自由でフラットな金融市場で良いか~アクティビストと国家安全保障

90年代からの世界のフラット化の流れの中で、自由貿易も進み、それは、金融市場も同様であった。時価総額拡大のため、海外投資家、アクティビストであれ、中国であれ、日本株に投資してもらおうという動きは、小泉政権で加速化し、村上ファンドなどアクティビストの課題はあったが、変わらなかった。さらに、伊藤レポートの中で、金融庁主導で進められた。しかし、米中摩擦の中で、機微な国家安全保障に関わる技術を持つ企業については、外為法を改訂して対応した。そして、トランプ2.0による関税強化で貿易について自由は制限された。しかし金融市場はまだ自由でフラットである。米はCFIUSで制限をかけているが、JSRなど、日本はMBOで対応する例が出始めた。

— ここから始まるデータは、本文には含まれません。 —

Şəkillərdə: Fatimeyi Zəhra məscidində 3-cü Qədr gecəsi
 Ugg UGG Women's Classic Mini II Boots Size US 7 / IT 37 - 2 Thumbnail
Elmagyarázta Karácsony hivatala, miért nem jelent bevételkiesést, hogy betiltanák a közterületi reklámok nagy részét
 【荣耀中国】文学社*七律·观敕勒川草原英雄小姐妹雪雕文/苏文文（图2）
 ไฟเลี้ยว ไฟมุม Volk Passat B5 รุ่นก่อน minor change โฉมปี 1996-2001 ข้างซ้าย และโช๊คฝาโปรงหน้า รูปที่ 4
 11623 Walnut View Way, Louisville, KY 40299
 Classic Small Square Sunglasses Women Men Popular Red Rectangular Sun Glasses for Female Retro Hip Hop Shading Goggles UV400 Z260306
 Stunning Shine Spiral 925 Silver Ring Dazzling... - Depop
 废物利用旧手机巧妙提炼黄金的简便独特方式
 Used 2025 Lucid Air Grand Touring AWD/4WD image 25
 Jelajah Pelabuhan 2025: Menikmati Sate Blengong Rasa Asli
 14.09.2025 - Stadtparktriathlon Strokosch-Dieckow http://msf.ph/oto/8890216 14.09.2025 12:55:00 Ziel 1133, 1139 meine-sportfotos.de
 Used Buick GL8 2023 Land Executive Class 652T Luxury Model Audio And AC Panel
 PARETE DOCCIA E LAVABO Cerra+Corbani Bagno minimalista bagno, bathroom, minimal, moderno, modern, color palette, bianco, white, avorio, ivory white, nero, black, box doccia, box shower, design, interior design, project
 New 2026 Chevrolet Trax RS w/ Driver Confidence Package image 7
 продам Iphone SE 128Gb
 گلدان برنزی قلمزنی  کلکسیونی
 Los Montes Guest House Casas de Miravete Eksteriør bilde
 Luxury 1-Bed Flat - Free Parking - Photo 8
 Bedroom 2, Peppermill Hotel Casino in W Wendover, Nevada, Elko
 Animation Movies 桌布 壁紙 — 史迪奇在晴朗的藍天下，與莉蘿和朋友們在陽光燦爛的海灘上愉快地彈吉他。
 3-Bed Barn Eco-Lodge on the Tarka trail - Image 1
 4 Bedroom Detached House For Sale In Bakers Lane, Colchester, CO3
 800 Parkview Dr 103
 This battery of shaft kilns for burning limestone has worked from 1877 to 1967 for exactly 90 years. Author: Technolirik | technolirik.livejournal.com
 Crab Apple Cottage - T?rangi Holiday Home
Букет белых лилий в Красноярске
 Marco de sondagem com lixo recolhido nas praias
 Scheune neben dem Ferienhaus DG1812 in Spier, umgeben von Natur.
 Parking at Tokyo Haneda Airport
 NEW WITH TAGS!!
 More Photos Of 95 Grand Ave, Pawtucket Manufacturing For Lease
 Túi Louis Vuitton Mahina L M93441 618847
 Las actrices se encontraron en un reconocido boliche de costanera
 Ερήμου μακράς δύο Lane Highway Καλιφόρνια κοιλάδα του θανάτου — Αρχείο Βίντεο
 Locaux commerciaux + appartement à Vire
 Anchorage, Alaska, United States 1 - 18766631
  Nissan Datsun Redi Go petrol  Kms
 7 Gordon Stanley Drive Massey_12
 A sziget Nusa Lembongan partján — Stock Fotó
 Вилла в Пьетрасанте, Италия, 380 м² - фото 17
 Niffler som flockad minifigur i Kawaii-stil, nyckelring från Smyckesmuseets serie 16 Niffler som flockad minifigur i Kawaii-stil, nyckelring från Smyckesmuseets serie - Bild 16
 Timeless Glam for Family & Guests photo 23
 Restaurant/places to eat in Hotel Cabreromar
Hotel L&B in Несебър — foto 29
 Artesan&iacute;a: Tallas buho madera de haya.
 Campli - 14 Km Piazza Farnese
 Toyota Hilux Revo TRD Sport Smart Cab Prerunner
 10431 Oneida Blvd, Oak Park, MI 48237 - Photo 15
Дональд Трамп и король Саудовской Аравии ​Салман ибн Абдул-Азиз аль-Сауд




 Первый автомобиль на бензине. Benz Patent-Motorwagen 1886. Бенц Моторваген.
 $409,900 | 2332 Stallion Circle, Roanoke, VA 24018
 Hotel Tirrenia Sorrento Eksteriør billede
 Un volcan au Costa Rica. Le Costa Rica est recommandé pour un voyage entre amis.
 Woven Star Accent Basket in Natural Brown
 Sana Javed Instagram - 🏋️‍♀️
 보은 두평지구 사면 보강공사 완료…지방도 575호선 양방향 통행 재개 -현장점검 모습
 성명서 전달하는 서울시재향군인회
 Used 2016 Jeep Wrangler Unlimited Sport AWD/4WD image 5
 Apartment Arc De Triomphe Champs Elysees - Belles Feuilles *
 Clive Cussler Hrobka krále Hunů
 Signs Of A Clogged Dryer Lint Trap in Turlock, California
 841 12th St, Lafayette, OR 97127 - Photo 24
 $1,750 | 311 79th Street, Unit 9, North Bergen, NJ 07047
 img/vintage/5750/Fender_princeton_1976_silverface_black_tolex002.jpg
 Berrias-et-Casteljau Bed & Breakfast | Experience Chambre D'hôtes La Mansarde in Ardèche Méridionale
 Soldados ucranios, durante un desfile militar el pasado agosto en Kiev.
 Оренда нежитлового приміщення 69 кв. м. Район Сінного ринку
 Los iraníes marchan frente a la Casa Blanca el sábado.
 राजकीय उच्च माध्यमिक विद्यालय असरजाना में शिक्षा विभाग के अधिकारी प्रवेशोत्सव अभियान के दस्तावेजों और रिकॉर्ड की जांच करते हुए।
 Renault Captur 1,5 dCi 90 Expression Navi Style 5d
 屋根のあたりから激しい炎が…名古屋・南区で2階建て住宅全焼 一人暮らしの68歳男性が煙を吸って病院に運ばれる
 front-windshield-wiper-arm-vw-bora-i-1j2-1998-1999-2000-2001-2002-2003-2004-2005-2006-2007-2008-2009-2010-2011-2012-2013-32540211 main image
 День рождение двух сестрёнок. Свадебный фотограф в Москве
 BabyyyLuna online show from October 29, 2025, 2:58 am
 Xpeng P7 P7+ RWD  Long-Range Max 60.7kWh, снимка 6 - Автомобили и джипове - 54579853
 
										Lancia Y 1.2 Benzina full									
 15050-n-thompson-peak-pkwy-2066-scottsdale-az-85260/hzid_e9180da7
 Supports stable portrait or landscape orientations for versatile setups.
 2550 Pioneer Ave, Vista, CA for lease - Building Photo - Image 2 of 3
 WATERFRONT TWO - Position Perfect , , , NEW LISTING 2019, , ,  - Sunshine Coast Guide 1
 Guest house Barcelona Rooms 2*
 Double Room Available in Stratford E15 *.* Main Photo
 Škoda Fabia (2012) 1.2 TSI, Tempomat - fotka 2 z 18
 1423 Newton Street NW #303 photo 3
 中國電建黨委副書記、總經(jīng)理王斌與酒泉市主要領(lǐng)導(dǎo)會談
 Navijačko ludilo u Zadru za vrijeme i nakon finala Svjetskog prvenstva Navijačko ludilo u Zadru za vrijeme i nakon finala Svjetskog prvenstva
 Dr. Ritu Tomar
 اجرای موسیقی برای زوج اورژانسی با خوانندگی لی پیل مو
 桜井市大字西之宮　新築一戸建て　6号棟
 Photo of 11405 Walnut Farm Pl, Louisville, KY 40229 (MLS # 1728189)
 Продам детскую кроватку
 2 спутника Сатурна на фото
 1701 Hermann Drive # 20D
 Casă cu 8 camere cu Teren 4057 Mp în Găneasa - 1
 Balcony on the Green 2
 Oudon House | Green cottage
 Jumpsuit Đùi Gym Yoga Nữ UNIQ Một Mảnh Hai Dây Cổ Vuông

今後は、貿易市場、金融市場について、国家安全保障の視点、経済メリット、投資家や国民雇用など目線から、フラット度合、自由度合について再考する必要がある。

 縦軸に時価総額、横軸に国家安全保障の重要性(すなわちハイテク保有がある価値ある企業)をとると、おおよそ4象限であり、本来は左下から右上に相関し、左上は課題評価だが、それを利用してM&A、右上は更なる価値向上、左下は経済的視点から手を打つべきである。